Daerah Lampung Tengah dekat Plaza Bandar Jaya, jelas ini adalah daerah perkotaan yang rumah penduduknya diterangi listrik dan sangat ramai dari subuh hingga malam hari. Banyak pedagang menjajakan jualannya disini, ditambah lagi masjid besar Istiqlal yang tepat berada di depan Plaza Bandar Jaya. Menemani aktivitas para pedagang dan pembeli jika adzan mulai berkumandang. Di tengah riuh ramai tempat ini di saat malam hari, hanyalah rumah keluarga Yari gadis remaja yang duduk di kelas sebelas Madrasah Aliyah yang terlihat redup tanpa lampu listrik menerangi.
Senja sore mulai datang, burung di atas awan berterbangan kembali kesarannya. Adzan mulai dikumandangkan, Yari segera menjalankan sholatnya. Berbekal sebuah lilin yang akan meneranginya malam ini ia tetap menjalankan aktivitasnya seperti biasa, walau pikiran tentang kondisi keluarganya kini membebaninya. Bukan hanya tunggakan pembayaran listrik yang belum dibayar, keluarganya memang terbilang tidak mampu. Ia selalu berdoa setelah sholat. memohon kemudahan dalam hidup keluarganya. Ia tak mampu mengeluh kepada ayah karena ayah sudah berusaha untuknya dan adiknya. Seusai membaca Al-qur'an ia berjalan menuju tempat ayahnya menjahit, dengan minimnya penerangan di rumah ini ayah selalu ingin dapat memenuhi kebutuhan anak-anaknya. "Ayah, malam ini aku tidak belajar, aku akan menhafal suratan (sebuah doa atau ayat suci Al-Qur'an) untuk bisa mengikuti ujian semester" ucap Yari. Ayah menganggukan kepala dengan tersenyum kearahnya dan matanya seolah berbicara, semoga sukses anakku.

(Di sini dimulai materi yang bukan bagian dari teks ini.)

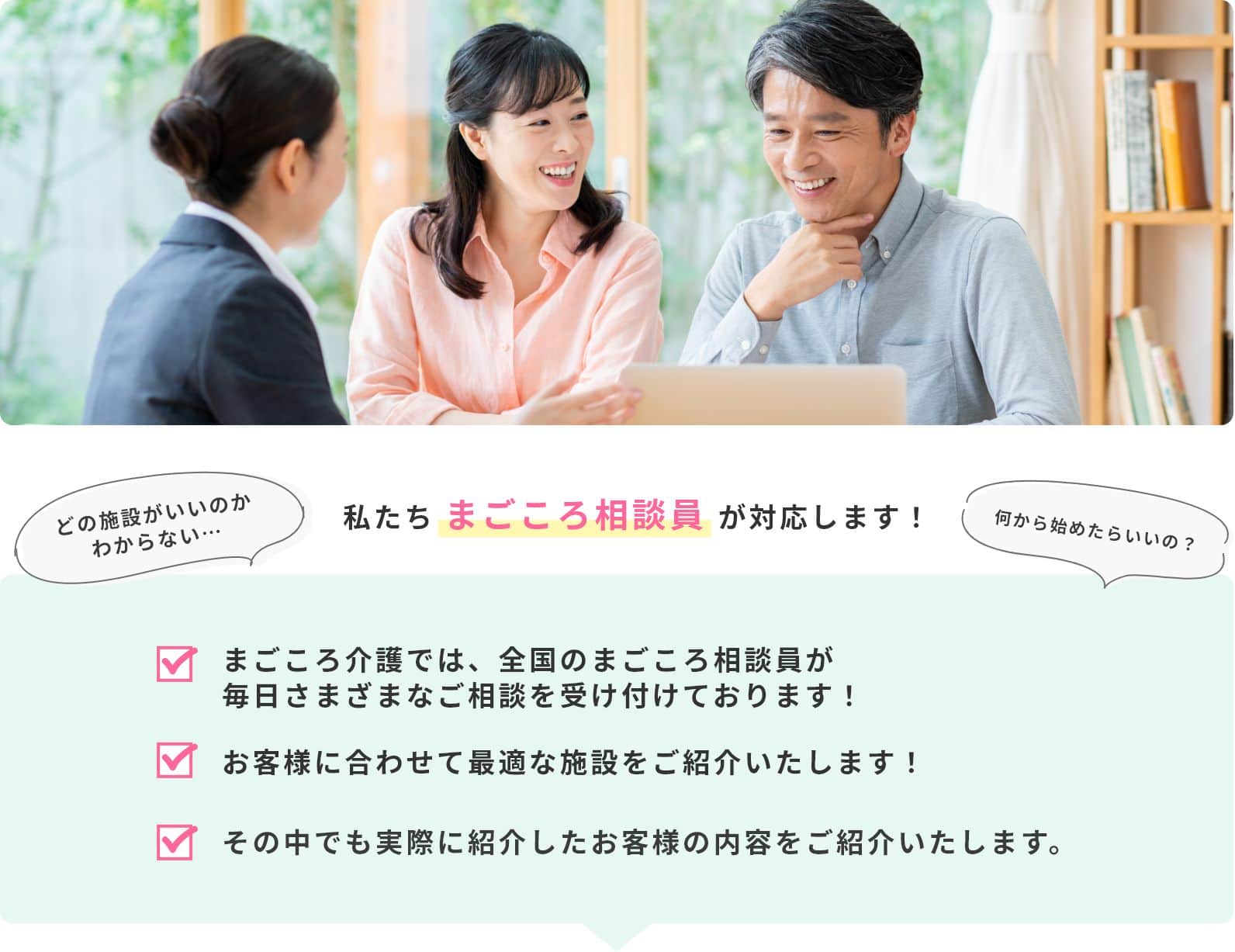 私たちまごころ相談員が対応します！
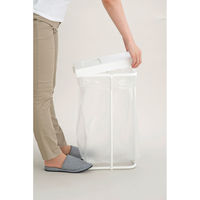 新輝合成 ゴミ箱 45L ユニード ゴミ袋ホルダー ホワイト 417102 1個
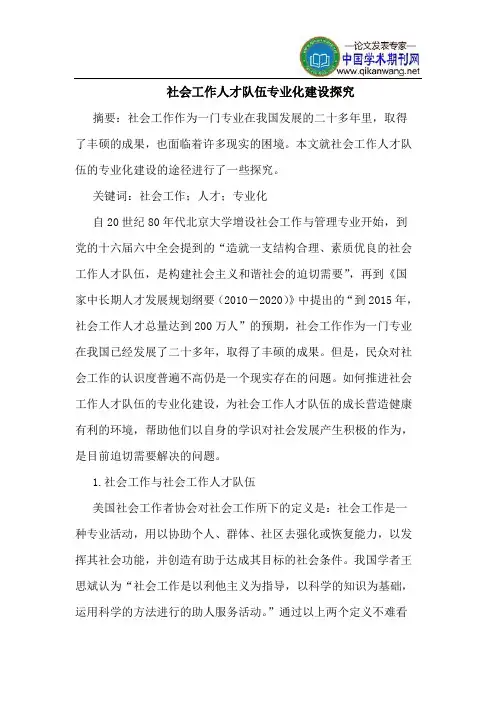 社会工作人才队伍专业化建设探究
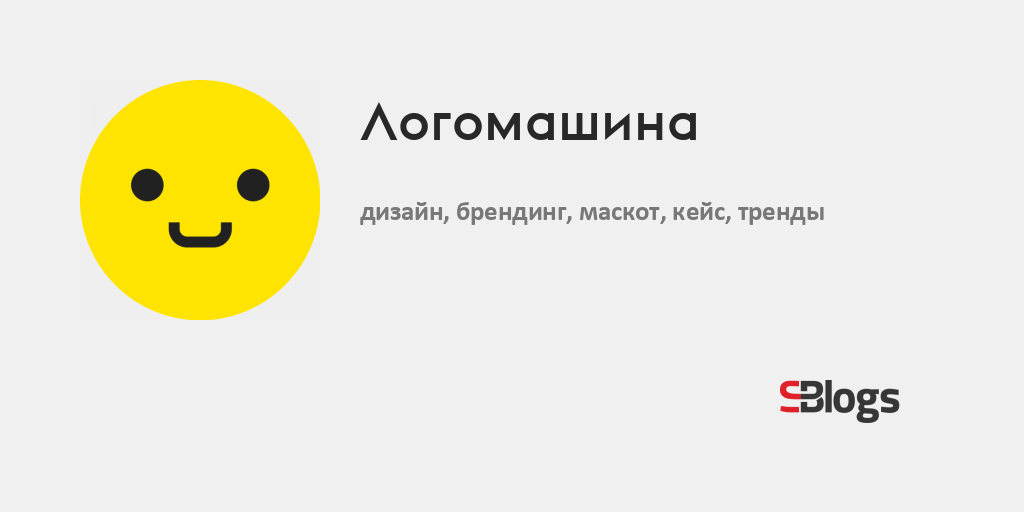 Logomachine. Логомашина логотип. Устаревшие логотипы. Рекламный дайджест лого. Вариации логотипа.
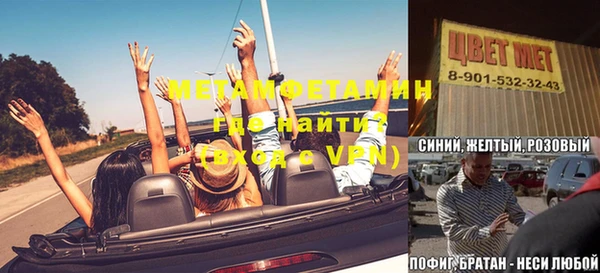спиды Белокуриха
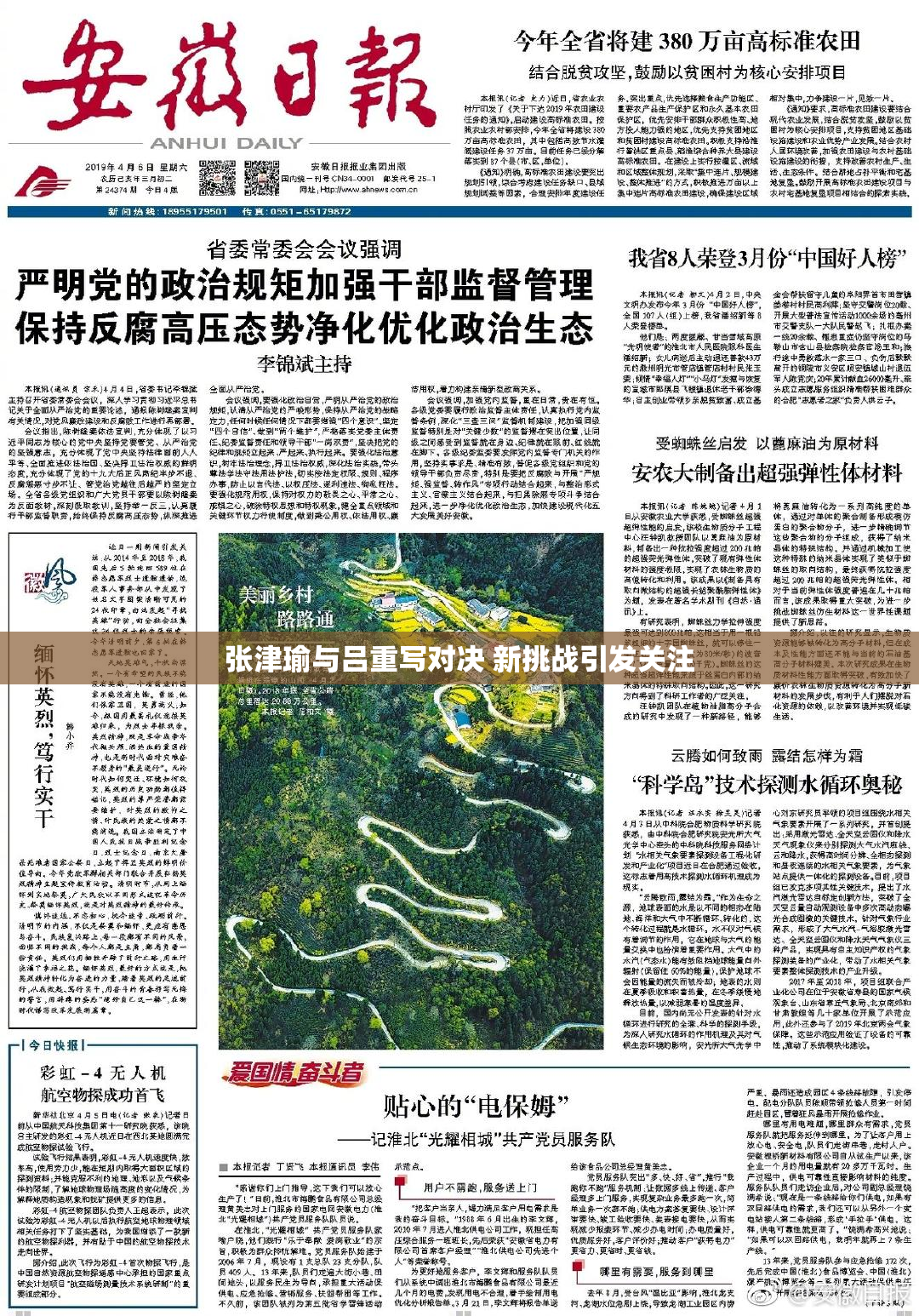 张津瑜与吕重写对决 新挑战引发关注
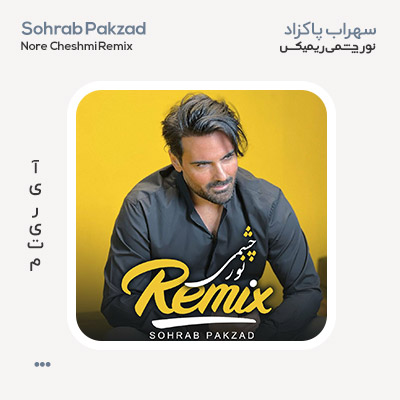 سهراب پاکزاد نور چشمی ریمیکس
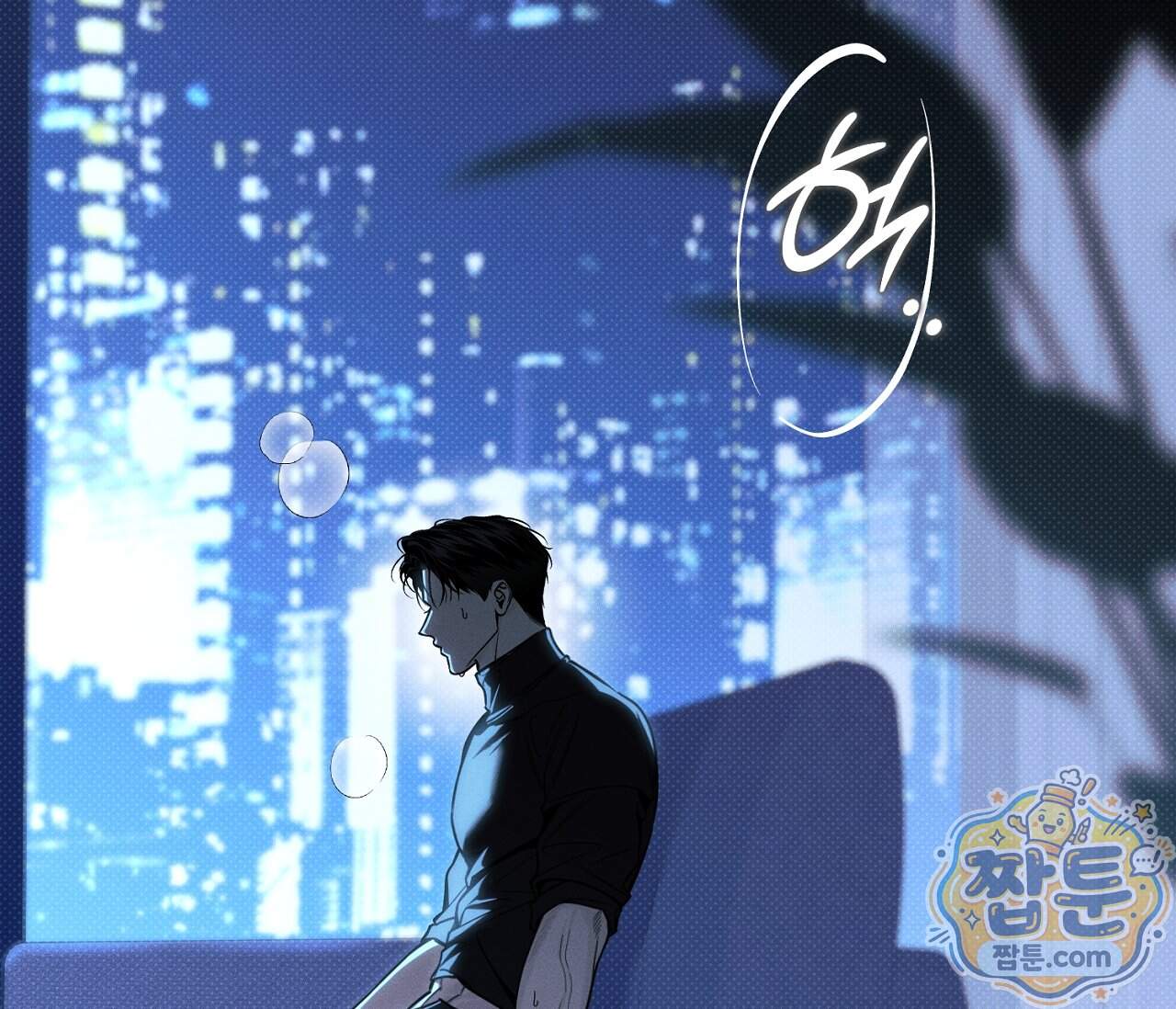 동절기 23화 96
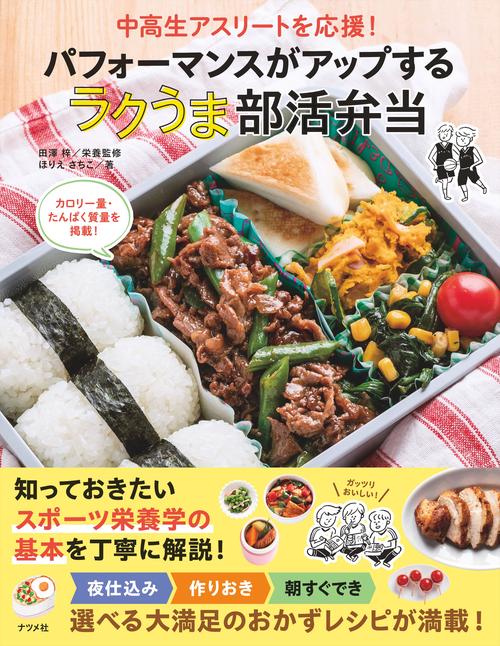 中高生アスリートを応援！ パフォーマンスがアップする ラクうま部活弁当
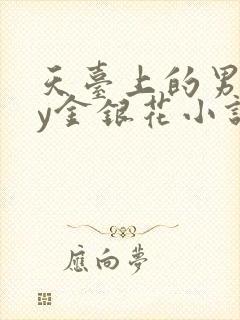 天台上的男主by金银花小说免费阅读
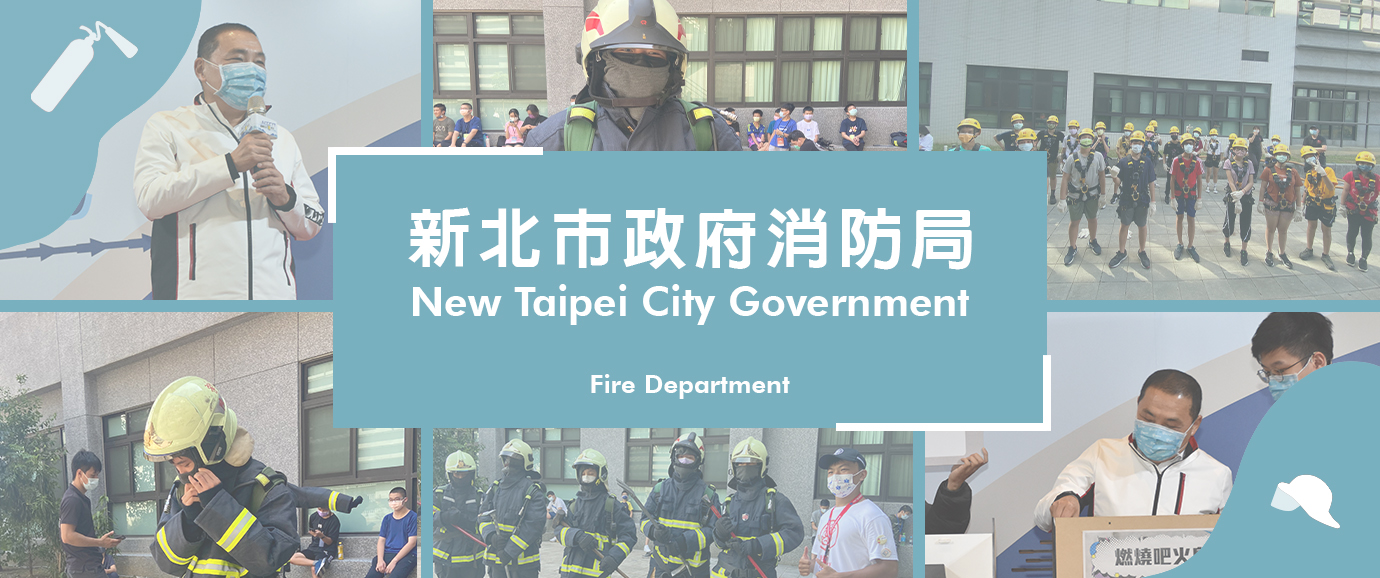 Fire Department, New Taipei City Government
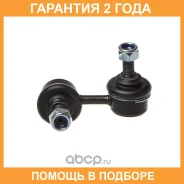 ������ ������������� Avantech / ASL1003R �������� 24 ��� ASL1003R ����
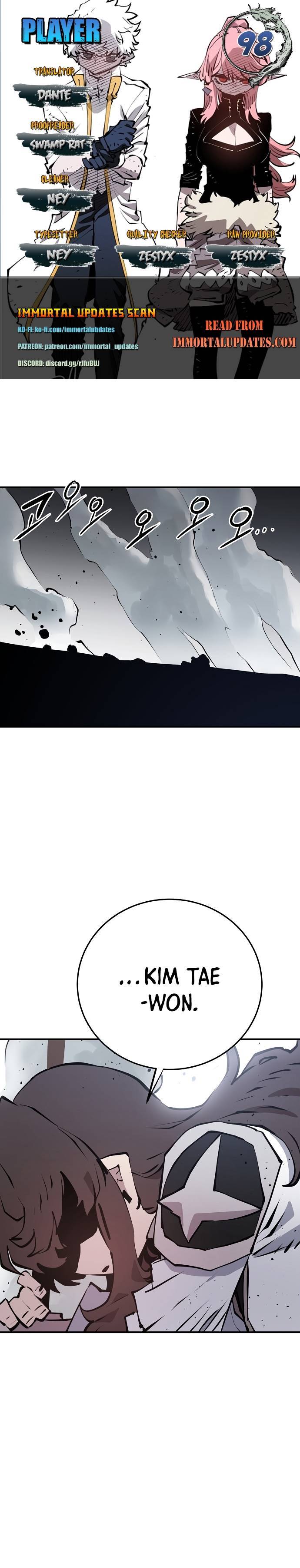 Player chapter 98 page 1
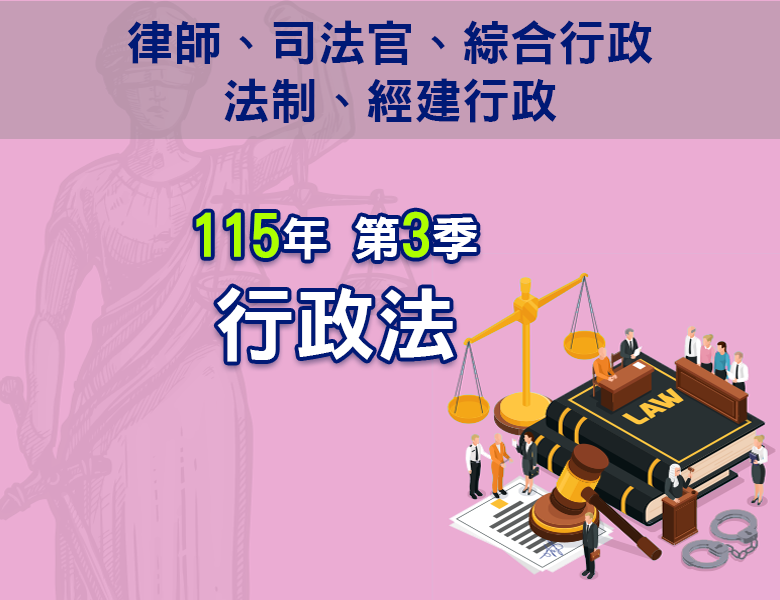115-3行政法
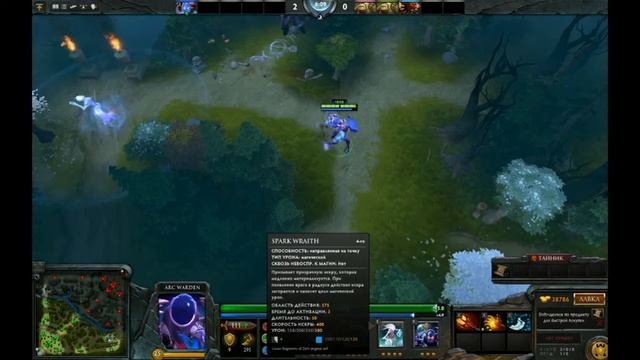 Обзор героя: Arc Warden / Dota 2: Arc Warden review смотреть онлайн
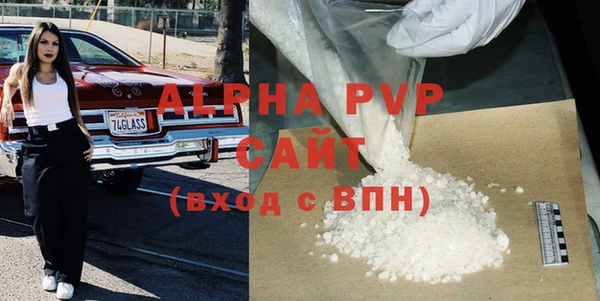 гашиш Вяземский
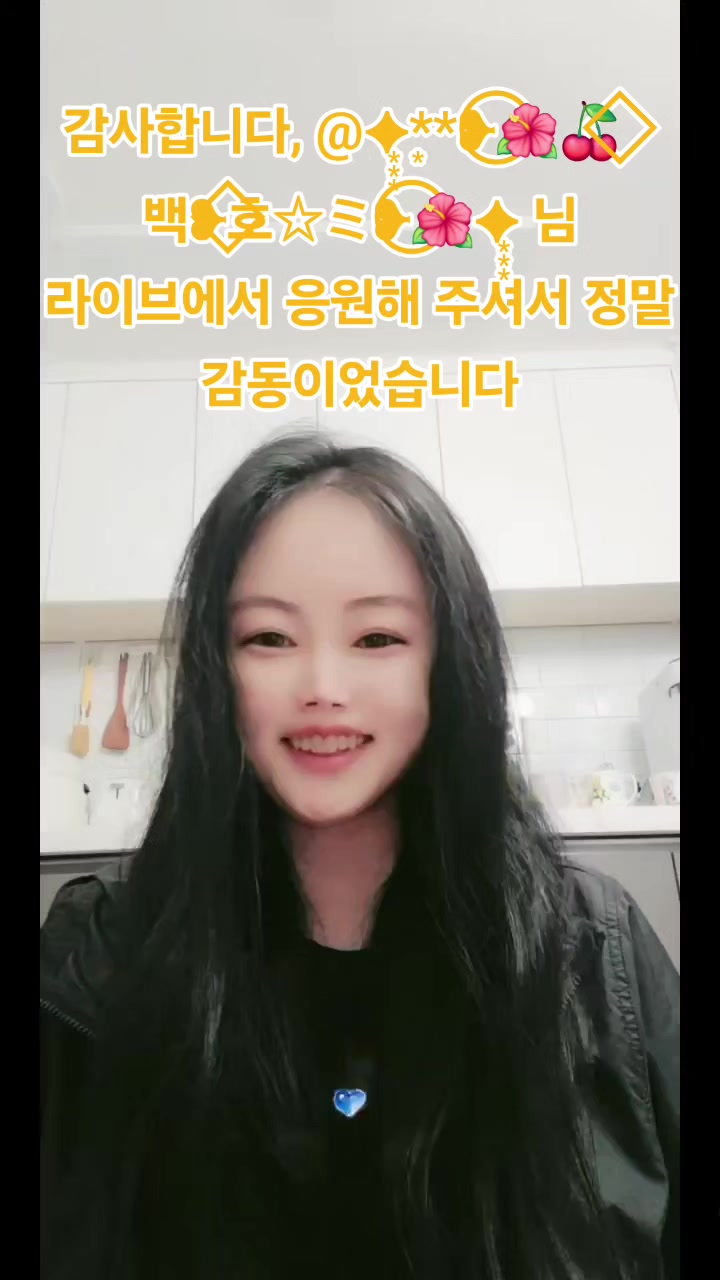 @🌸🌴맛집。이서🌴🌸🎤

Tidak akan terdengar satupun kata dari mulut ayah karena ia adalah tunawicara dan tak ada satu keluhanpun pada Yari dan adiknya Dimas dengan kondisi ayah. Ketabahan mereka yang ditinggalkan sang ibu saat usia Dimas delapan tahun dan kini ia sudah duduk di kelas tujuh Madrasah Tsanawiyah, menjadikan mereka begitu mengerti keadaan ayahnya.
Yari kembali ke kamar dengan buku hafalan ditangannya, tetapi hafalannya tidak begitu lancar karena matanya sudah terasa pedas jika lama-lama melihat tulisan dengan sebuah lilin. Bukan Yari namanya kalau ia harus berhenti disini, ia mencari cara agar penglihatannya terlihat jelas saat membaca. Ia segera keluar rumah dengan mukena sekaligus buku hafalan menuju sebuah masjid yang di bangga-banggakannya Masjid Istiqlal Bandar Jaya. Sampai di sana ia segera berwudhu masuk dalam masjid dan menggunakan mukena sekaligus membaca hafalannya sambil menunggu adzan isya' berkumandang. Banyak orang dalam perjalanan berhenti di masjid ini, sekedar istirahat dan melepas lelah dalam perjalanan sekaligus mengerjakan sholat.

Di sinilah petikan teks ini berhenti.